Retrieving privilege information through views

An ID with the SQLADM, system DBADM, DATAACCESS, ACCESSCTRL, SECADM, SYSADM, or SYSCTRL authority automatically has the privilege of retrieving data from catalog tables. If you do not want to grant the SELECT privilege on all catalog tables to PUBLIC, consider using views to let each ID retrieve information about its own privileges.

About this task

Begin general-use programming interface information. The following view includes the owner and the name of every table on which a user's primary authorization ID has the SELECT privilege:

CREATE VIEW MYSELECTS AS
  SELECT TCREATOR, TTNAME FROM SYSIBM.SYSTABAUTH
    WHERE SELECTAUTH <> ' ' AND 
          GRANTEETYPE = ' ' AND
          GRANTEE IN (USER, 'PUBLIC', CURRENT SQLID);

The keyword USER in that statement is equal to the value of the primary authorization ID. To include tables that can be read by a secondary ID, set the current SQLID to that secondary ID before querying the view.

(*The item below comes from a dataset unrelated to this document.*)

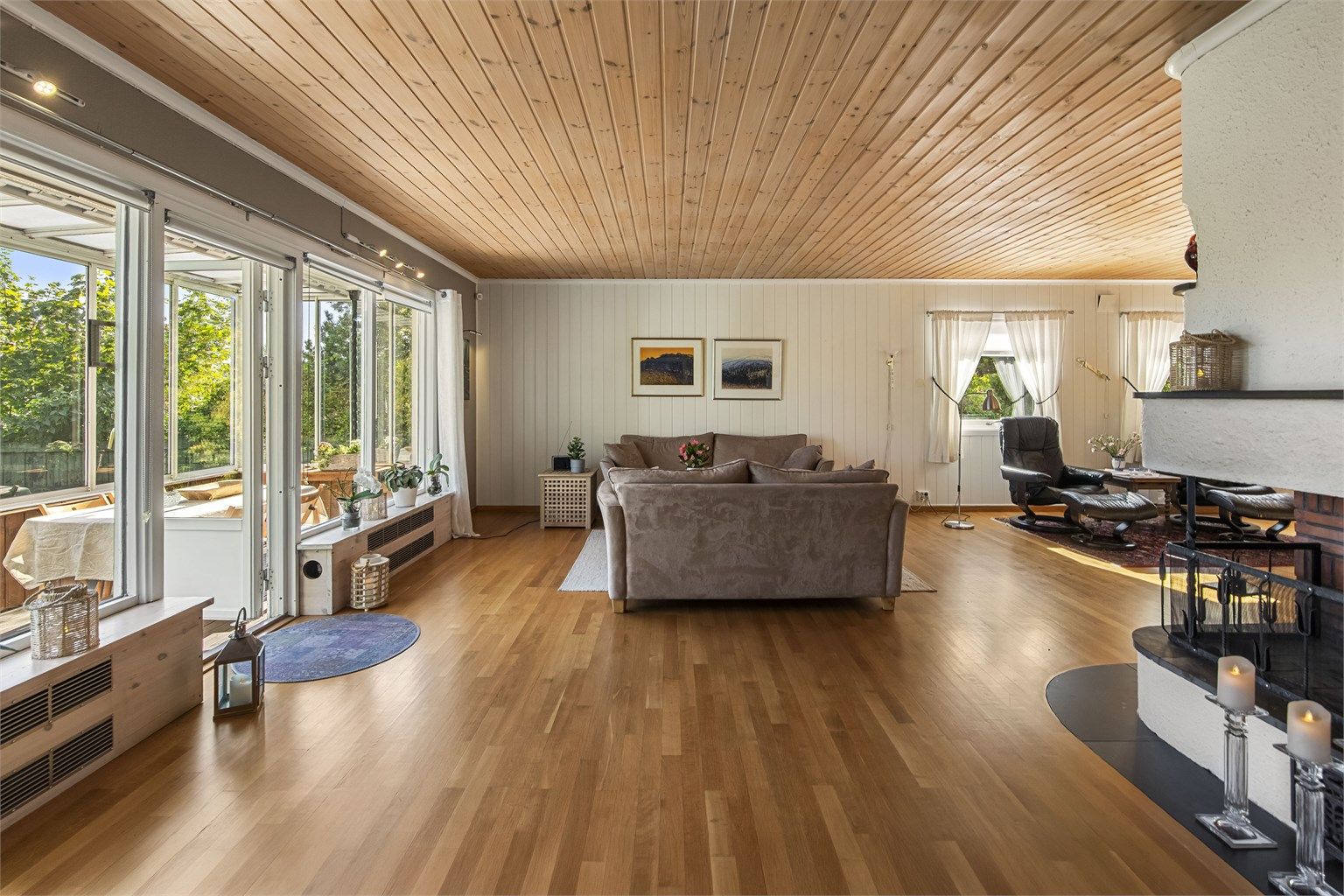 Boligen er meget innholdsrik fordelt på hovedetasje og kjeller, med funksjonell planløsning og perfekt for både familieliv og gjester.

To make the view available to every ID, issue the following GRANT statement:

GRANT SELECT ON MYSELECTS TO PUBLIC;

Similar views can show other privileges. This view shows privileges over columns:

CREATE VIEW MYCOLS (OWNER, TNAME, CNAME, REMARKS, LABEL)
  AS SELECT DISTINCT TBCREATOR, TBNAME, NAME, REMARKS, LABEL
  FROM SYSIBM.SYSCOLUMNS, SYSIBM.SYSTABAUTH
    WHERE TCREATOR = TBCREATOR AND 
          TTNAME = TBNAME AND 
          GRANTEETYPE = '  ' AND 
          GRANTEE IN (USER,'PUBLIC',CURRENT SQLID);

End general-use programming interface information.